Tal vez por el hecho de que este problema de la concretización de procesos mentales me resulta fascinante, muchas veces encuentro inspiración en las artes plásticas o, al menos, en una percepción plástica, a través de metáforas, de mi entorno. Escribir es para mí nombrar las cosas con la mirada, nombrar con atención pero distanciamiento, idea que encontré también en forma de experiencia traumática en las duras visiones de Georg Trakl.

Walter Benjamin buscaba formas de introducir metáforas líricas en sus ensayos para restablecer el vínculo de la filosofía y la poesía con el mundo y, de esta manera, poder hacer de cada metáfora una metonimia. La poesía es muchas veces una búsqueda de tensión entre metáfora y metonimia, un continuo intento de intercambiar sus lugares. De esta forma se genera una crisis de identidad, aparece una interrogante sobre la auténtica relación entre nosotros y el mundo a través de un lenguaje corporal, un lenguaje que surge de la manera en que experimentamos nuestro propio cuerpo. Quien quiera leer poesía deberá estar dispuesto a aceptar literalmente, en un determinado nivel, cualquier tipo de figura estilística, porque, de lo contrario, estará traicionando el lenguaje específico de la lírica. Hablar en sentido figurado es cosa de políticos y diplomáticos. El poeta se expresa literalmente, especialmente en sus metáforas más descabelladas. Soy consciente de que los espíritus sofisticados consideran esta idea una forma de ingenuidad; pero quien no sea capaz de mirar como un niño, no podrá entrar nunca en el mundo de la gran poesía. Nietzsche llamaba a esto la seriedad mortal del juego. Dicha seriedad no tiene por qué ser siempre mortal, nada más lejos de mi visión. Pero en estos tiempos en que ya casi nadie cree en ella, no se le puede prestar peor servicio a la poesía que negarle su capacidad de volver a la literalidad de las palabras, su etimología, su pasado oculto o sus imágenes obsoletas, olvidadas. Negarle, en definitiva, su historia.
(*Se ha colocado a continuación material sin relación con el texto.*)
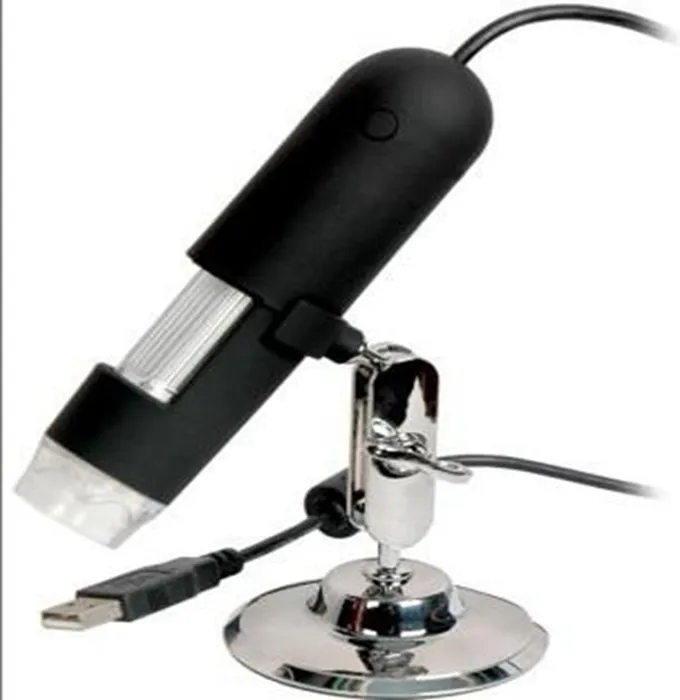 USB Digitale Hoofdhuid Haar Microscoop 20-400X 8LED Hoofdhuid Detector HD Pixels Vergrootglas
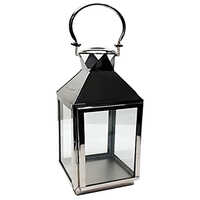 Shiny Nickel Steel Lantern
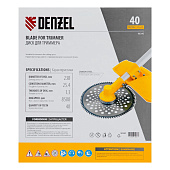 Диск для триммера,230х25,4 тол. 1,3мм, 40 зубьев Диск для триммера,230х25,4 тол. 1,3мм, 40 зубьев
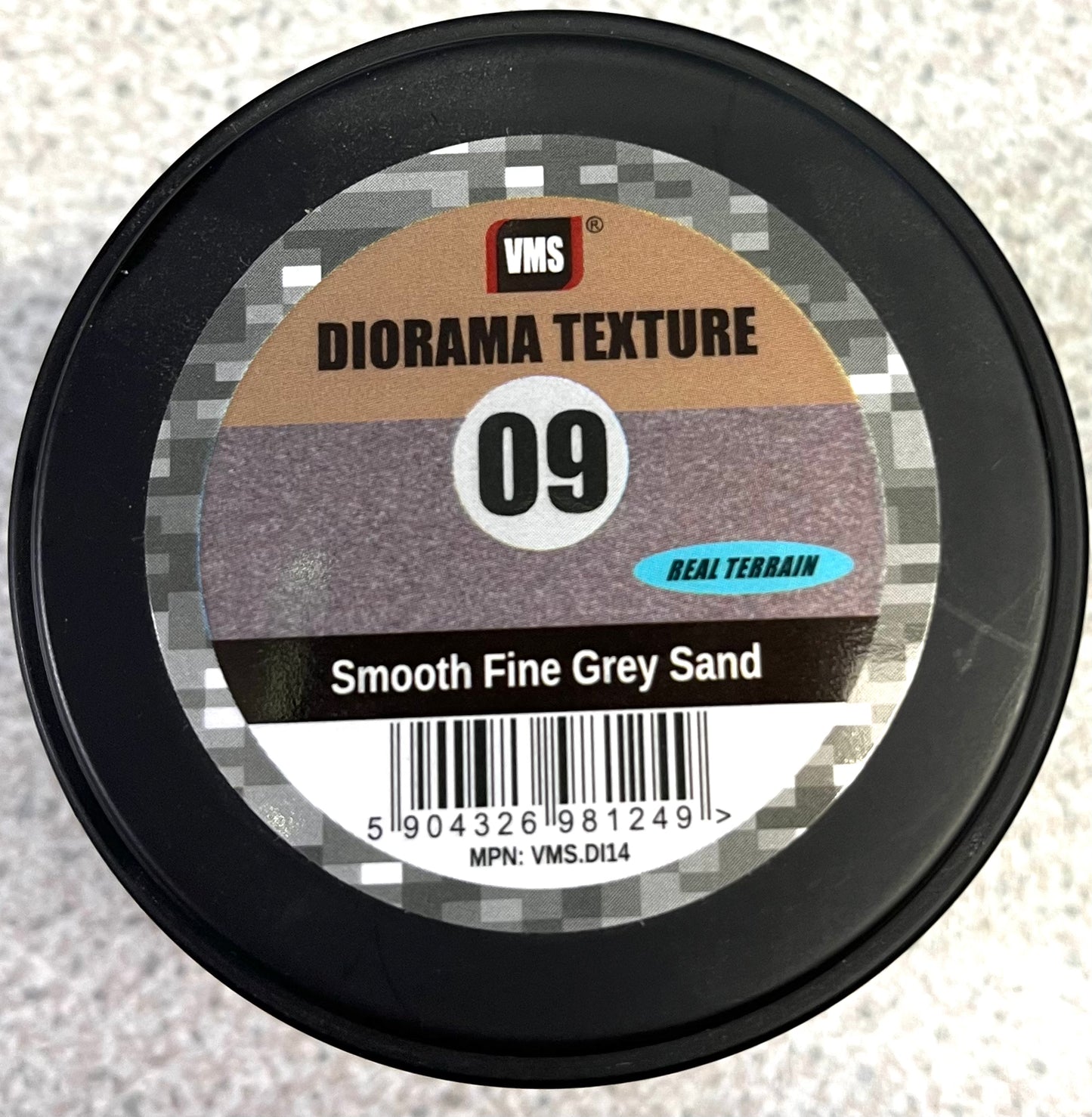 VMS Diorama Texture 09 Smooth Fine Grey Sand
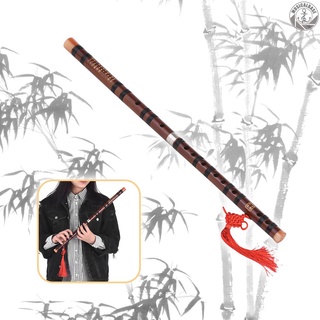 [In Stock] E Key Chinese Traditional Instrument Dizi Bitter Bamboo Flute with Chinese Knot for Beginners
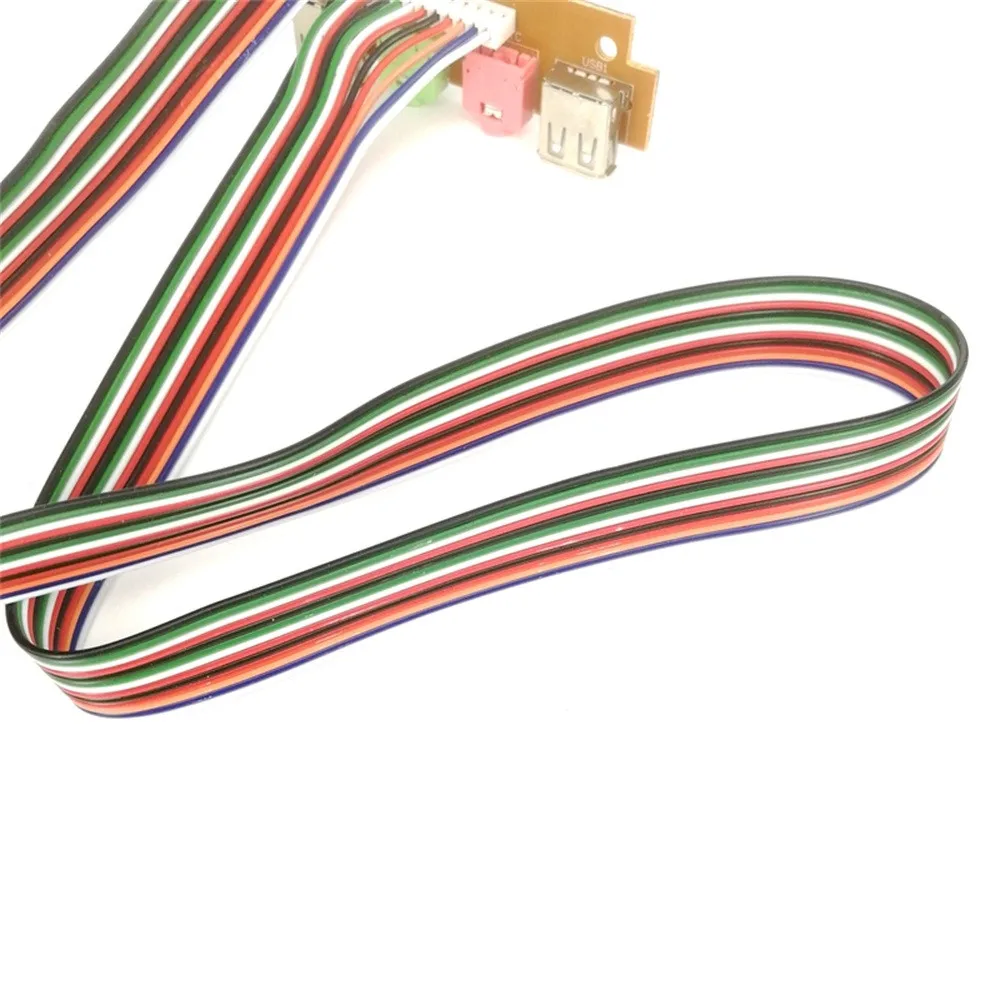 Стильный тонкий 2 USB прочный и прочный ПК чехол для компьютера 7,4 см Передняя панель USB аудио порт микрофон кабель для наушников#81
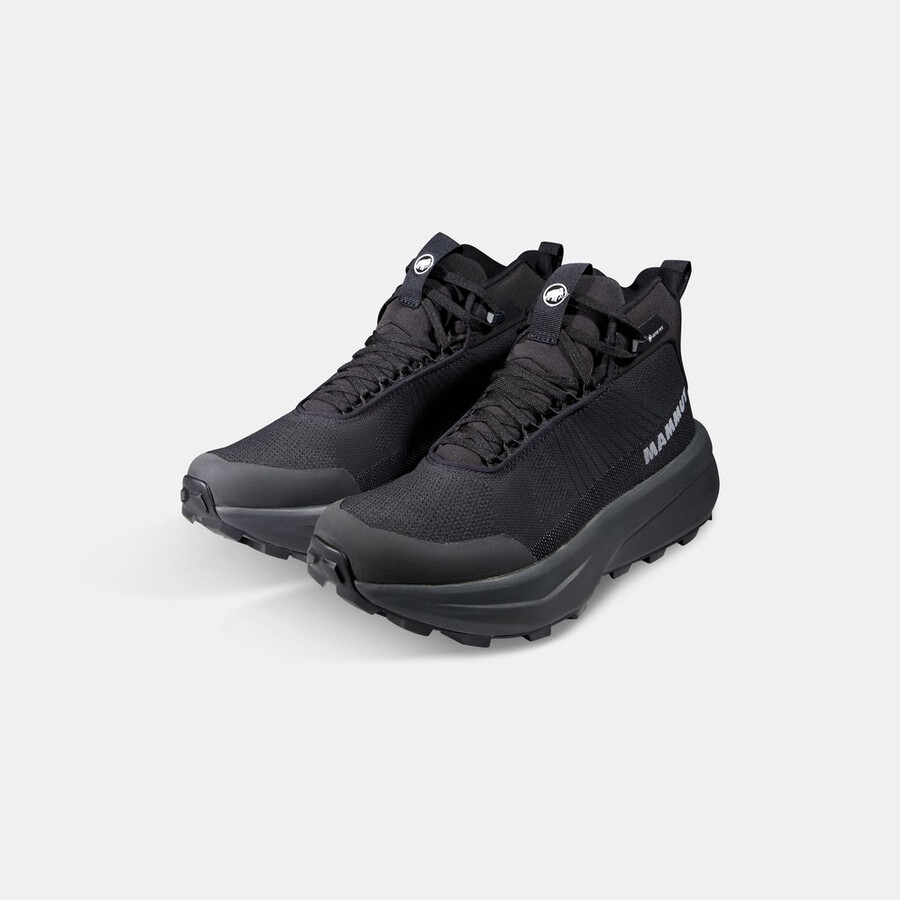 aenergy mtn mid gtx heren zwart-donker staal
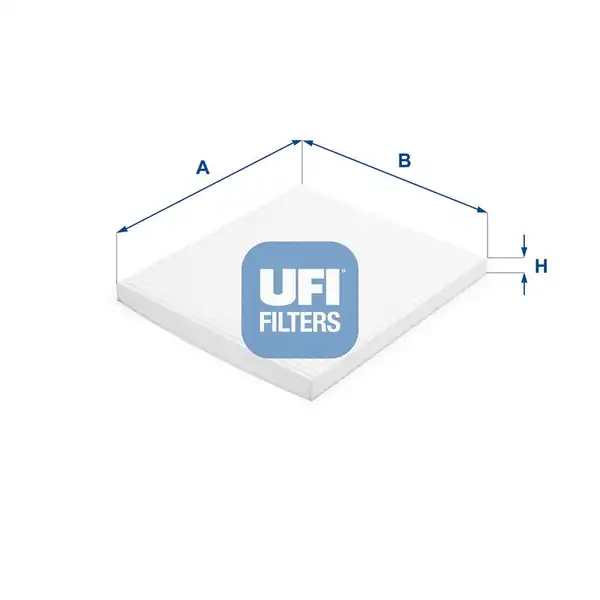 UFI 53-390-00 | Filtre Polen Hyundai Blue Benzinli 2011 Kia Rio 1 4 1 6 2011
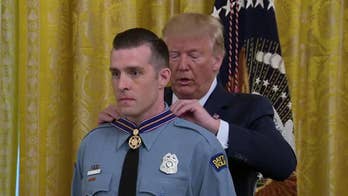 Trump awards Medal of Valor to Dayton police officers, commendations to El Paso first responders
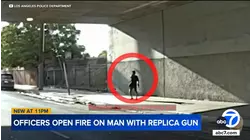New video shows moments before LAPD officers open fire on suspect armed with replica handgun
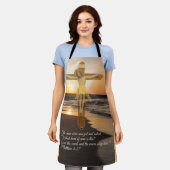 Wind en golven Obey Him Schort (Gedragen)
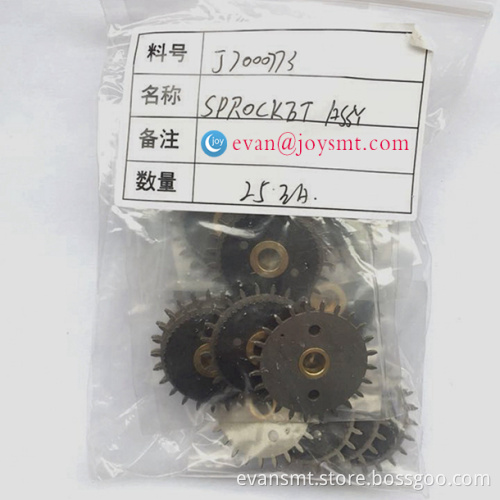 Samsung CP feeder Part Sprocket ASSY J7000773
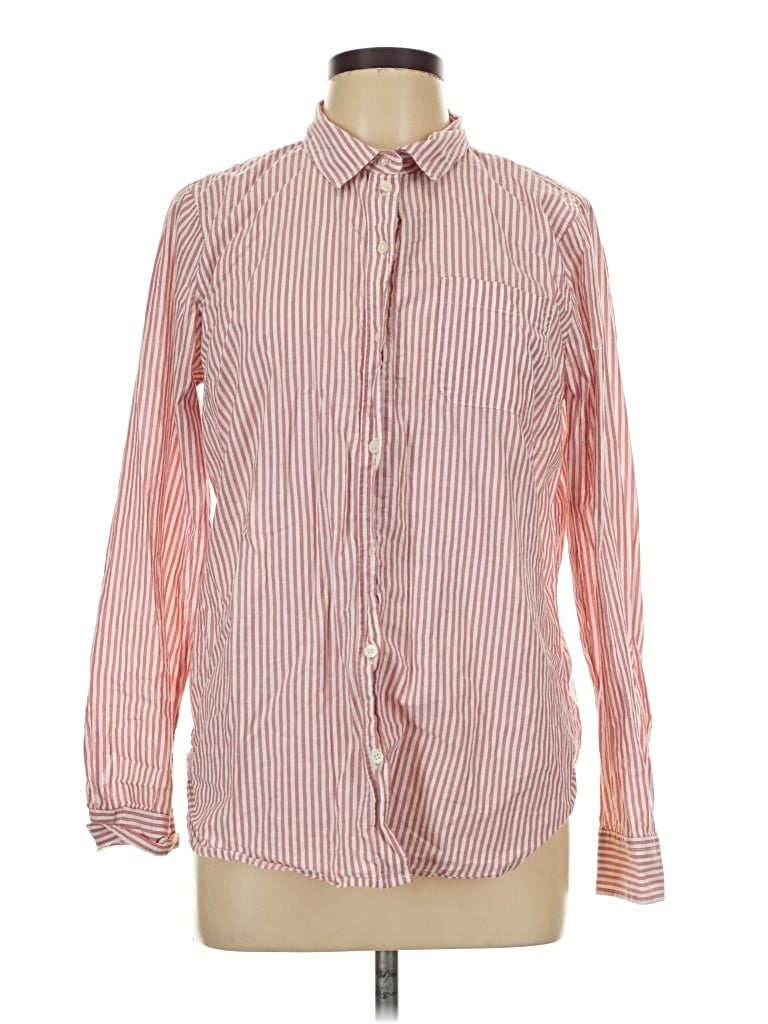 Pre-owned Old Navy Long Sleeve Button Down Shirt In Pink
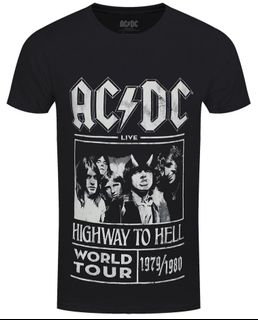 Acdc Band Anniversary Men S Fashion Clothes Tops On Carousell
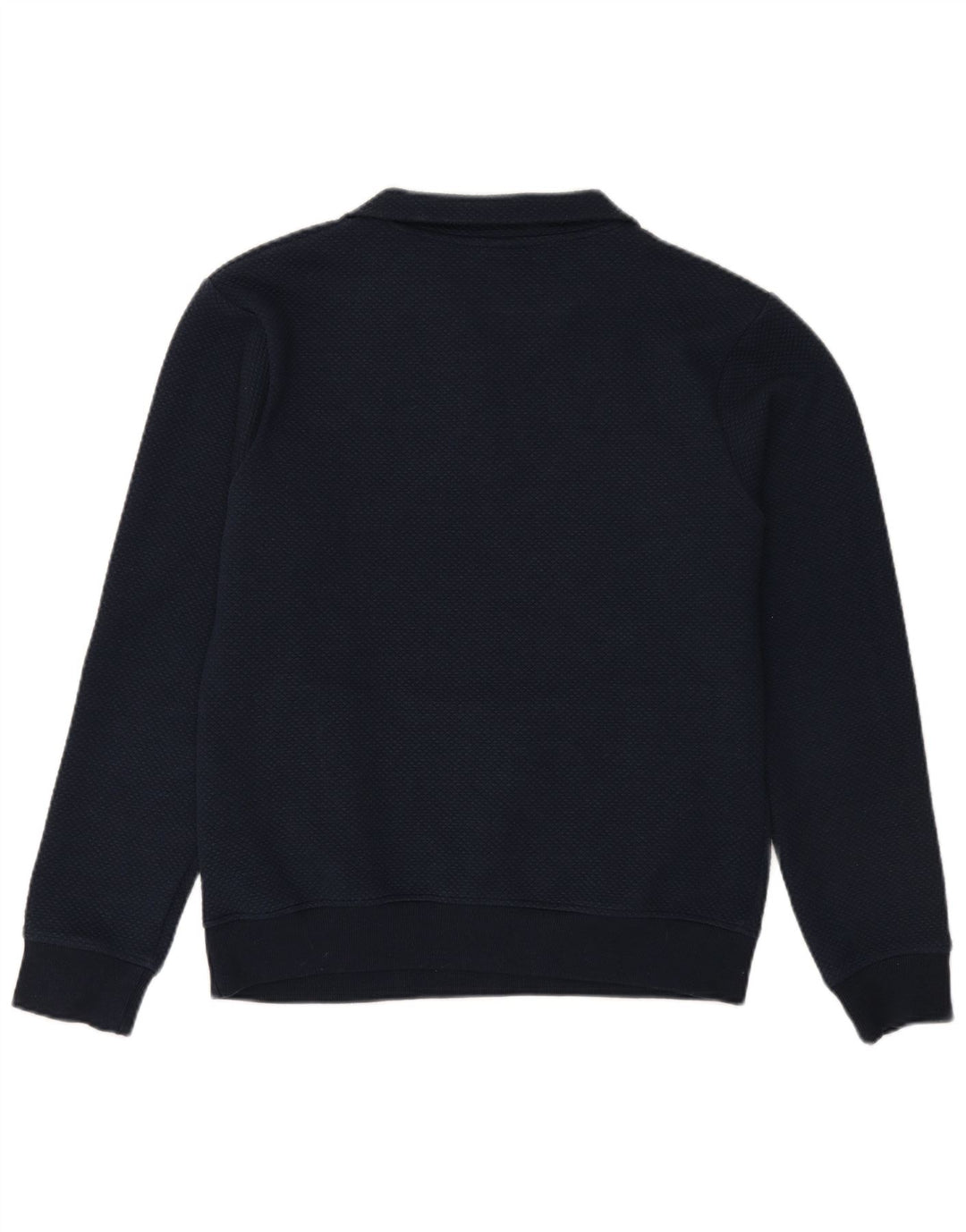 BENCH Sweat-shirt à col boutonné pour homme en polyester bleu marine moyen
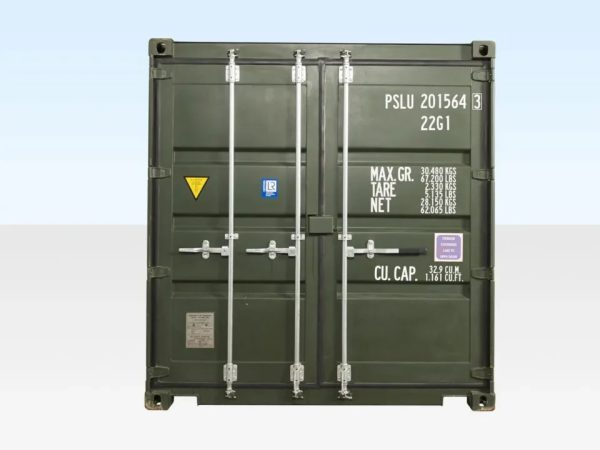20 Fuß x 8 Fuß Tunnelcontainer (Doppeltüren) – One Trip - Image 4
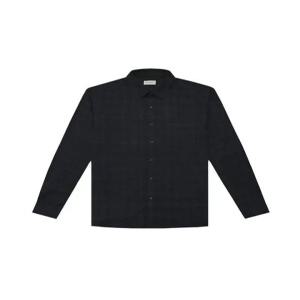 [오스틴리드]네이비 솔리드 셔츠-A3CL2303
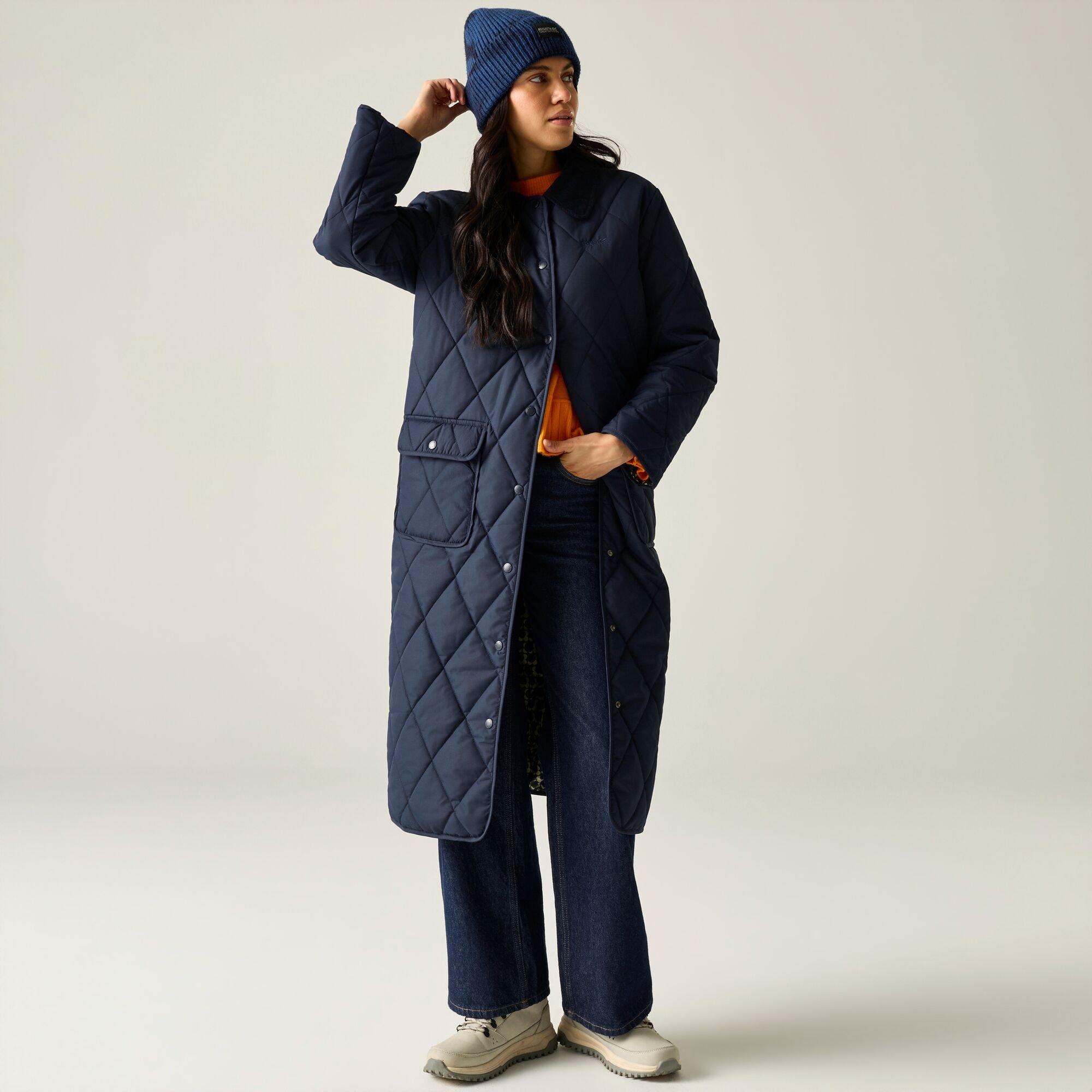 Womens Orla Mid Length Quilted Jacket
Por otro lado, hay que atreverse a desvincular mentalmente la metonimia del objeto concreto que describe o de la anécdota que la une al sustantivo en cuestión, porque si no, traicionaremos a la poesía precisamente en lo tocante a su imaginación inaprensible, que es su única manera de seguir hablando del mundo y de la experiencia. Colocar un espejo frente a otro es la única forma que tenemos de vernos la espalda y adquirir conciencia de nosotros mismos desde una perspectiva exterior (en la medida en que no nos tapemos la vista a nosotros mismos), de la misma forma que cada poema, con su doble espejo de metáfora y objeto, encierra una forma de ver algo que la mayoría de las veces escapa a nuestra mirada a causa de nuestra propia presencia. Gottfried Benn comparó la palabra “yo” en una poesía con una termita que irá royendo poco a poco la madera de la composición hasta destruir por completo su significado. Nosotros, que varias generaciones después nos hemos liberado del yugo de estrictos tratados de teoría poética, sabemos en cualquier caso que la palabra yo, siguiendo la archicitada máxima de Rimbaud, siempre acaba saliendo de nosotros para señalar a un desconocido envuelto en sombras que los espejos del poema ponen en primer plano. Con ello, el poema compensa al menos un poco la continua traición a nuestro siempre elusivo yo.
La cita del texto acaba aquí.